The Oxford Companion to Archaeology
edited by B.M. Fagan
London, Oxford University Press, 1996
844 pp. (figures)
ISBN 0-19-507618-4
$55.00 (cloth)

reviewed by E.C. Wager, M.A. Eccleston, K. Fewster,
M.C. Giles, and A. Tyrrell

<------

Introduction to the Companion
by E.C. Wager

The Oxford Companion to Archaeology is one of the latest additions to the Oxford Companion series, an eclectic collection of reference volumes providing comprehensive overviews of topics ranging from Australian folklore (1993) to world politics (1993). In common with other volumes in the series, the entries in the Companion to Archaeology are both indexed and arranged alphabetically. Cross-references are highlighted at the end of each entry and throughout the text, and many entries provide suggestions for further reading. This structure is designed to facilitate a range of approaches to the information held between the Companion's covers: searches for a specific reference, 'sustained browsing' (1996: xi) and exploration of related topics or themes.

The Oxford University Press publicity highlights other ways in which the Companion to Archaeology complements and extends the Companion Series range:

Every Oxford Companion aspires to be the definitive overview of a field of study at a particular moment of time. The new Oxford Companion to Archaeology is no exception ... [I]t is both authoritative and comprehensive. Its purpose is to define archaeology as a critical intellectual phenomenon of the later twentieth century world -- one of the seminal ways in which we humans can achieve a better understanding of our common roots, differences, and similarities (OUP Press release, 1997).

These are big claims, extended even further by Brian Fagan, the editor in chief of the Companion to Archaeology, in his introduction to the volume. He sees the Companion as a timely reminder of the significance of the past to both the present and the future (viii) and as a long-overdue encyclopaedic assessment of archaeology's achievements and significance on a global scale (vii). As with other Companions, it aims to make specialised knowledge of the discipline easily available to a wide audience, including interested non-specialists.

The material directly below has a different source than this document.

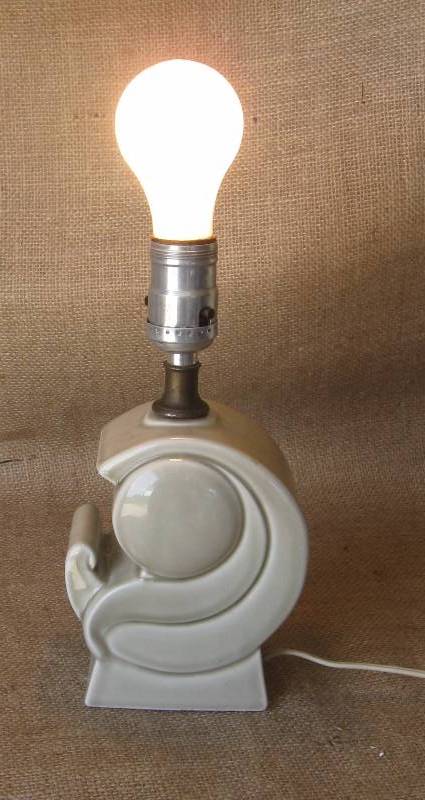 lot 31 image: Mid-Century ART DECO Ceramic Table Lamp & Metal Bed Lamp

Brian Fagan and the four other editors have adopted four broad interconnecting themes -- how archaeology began and developed, how archaeology works, how archaeology explains the past, archaeology and the human past -- in order to achieve these aims and to tie the entries in the Companion together. These themes are arranged as a series of subdivisions around which the volume's entries are organised: world prehistory, the origins of civilisation, states and civilisations, historical archaeology, and archaeology in the late twentieth century (vii-x). According to Fagan, 'These subdivisions have emerged from generations of archaeological research' (ix), the inference being that these categories have validity and meaning in and of themselves. However, such categories are merely products of the ways in which we as archaeologists have chosen to chop up the world, developing the analytical frameworks we need to write the histories we choose. The editors have fallen prey to a circular argument: we adopt these categories in order to give the world meaning; these categories have meaning because we have always conceived of the world in this way.

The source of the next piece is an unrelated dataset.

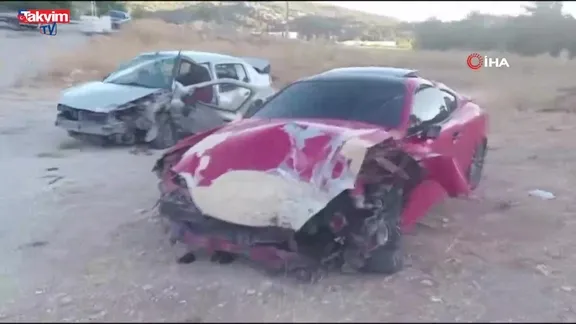 Antalya'da feci kaza: 1'i ağır 4 yaralı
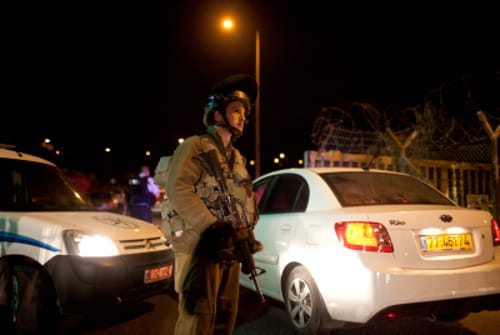 הפיגוע בפסגות: חדר כדי לגנוב נשק ודקר את הילדה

The subdivisions chosen also coincide with 'broad slices across prehistoric and historic time' (ix), peddling the misconception that assigning objects and events to a particular time period imbues both them and the slice of time itself with meaning. The editors may have chosen such a simplistic approach to conceiving of the past precisely because it is so simple -- it provides both a convenient framework within which to organise the large amount of data assembled for the volume, and a description of archaeology as a discipline concerned with divining 'which period?' that will be familiar to the general reader. Perhaps the editors hope that the individual entries themselves will highlight the fact that, leaving chronology aside, there are many more subtle ways to classify the past.

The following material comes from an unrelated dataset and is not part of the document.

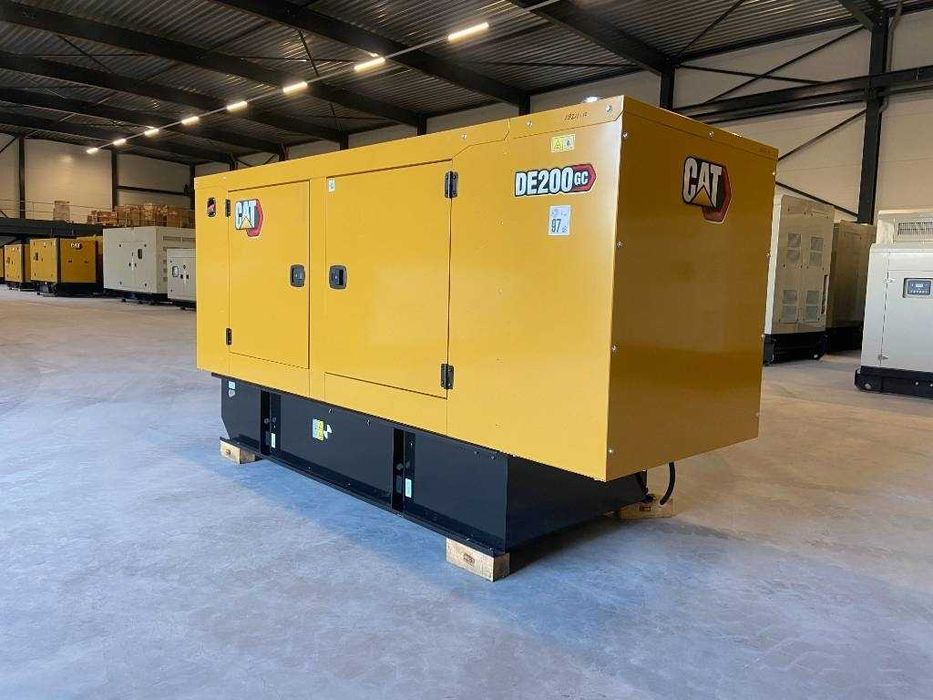 Generator nou Caterpillar 200 kva 180 kw stoc 24 luni garantie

The editors themselves are certainly aware that there are other ways of seeing. In his introduction, Fagan proposes that we examine world history 'not from a narrowly American or European perspective, but as a truly global phenomenon' (ix). He is also keen for the reader to appreciate the diversity of approaches to the past and a minimal editing policy has been adopted to preserve the style and perspective of each contributor (viii). To an extent, this multivocality has been successfully achieved, a point Melanie Giles makes in her review of the volume. However, a closer look reveals that the Companion is only global in the sense that it discusses world prehistory -- in general, the only voices to be heard, whether discussing African archaeology or the prehistory of the Indian subcontinent, are familiar ones, heralding (despite their differences) from the same Western tradition. Only 15 of the more than 400 contributors are not from North America, Western Europe, or Australia. Only one is from Russia, and there are no entries by archaeologists from Eastern Europe. Africa is represented by archaeologists from Zimbabwe (four), South Africa (three) and Kenya (one), and South America by either one or two archaeologists from each Panama, Chile, Mexico, and Brazil (xiii-xx). Hence the Companion is a definitive overview of an archaeology with which we in the West are all familiar and comfortable; the 'common past' (viii) it describes is one we have produced and sanctioned.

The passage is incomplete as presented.